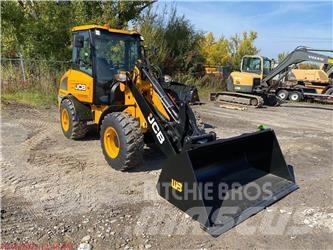 JCB 407 Фронтальные погрузчики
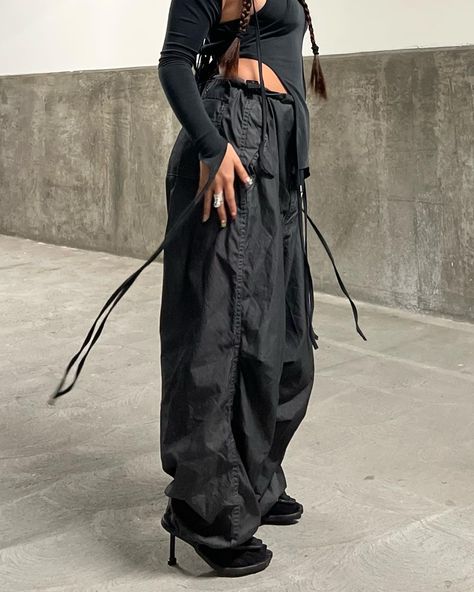 Subversive Streetwear, Subversive Fashion, Fashion Black Women, Estilo Hippy, High Fashion Models, Estilo Hippie, Rave Fashion, Insta Ideas, Y2k Outfits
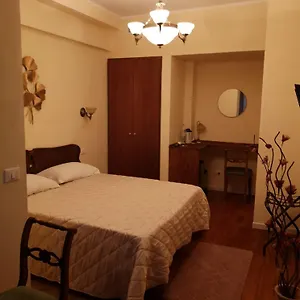 https://akire.it-romehotels.com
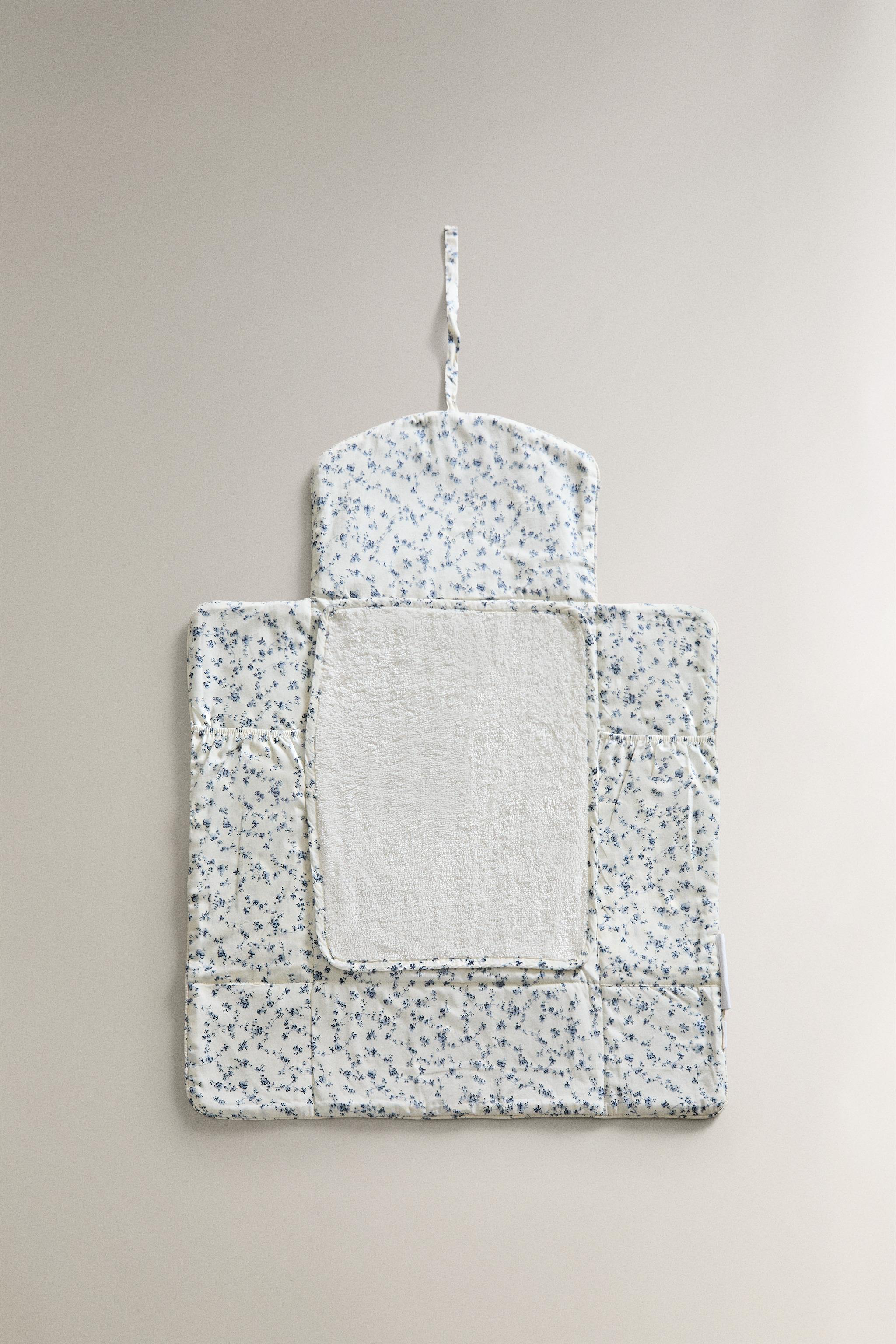 BABY BLUE FLOWER CHANGING MAT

> WHAT NEEDS TO BE DONE
Start at the first line and set down all of the data exactly, passing over the pictures.

> EXERCISE ANSWER
 JCB 407 Фронтальные погрузчики
 Subversive Streetwear, Subversive Fashion, Fashion Black Women, Estilo Hippy, High Fashion Models, Estilo Hippie, Rave Fashion, Insta Ideas, Y2k Outfits
 https://akire.it-romehotels.com
 BABY BLUE FLOWER CHANGING MAT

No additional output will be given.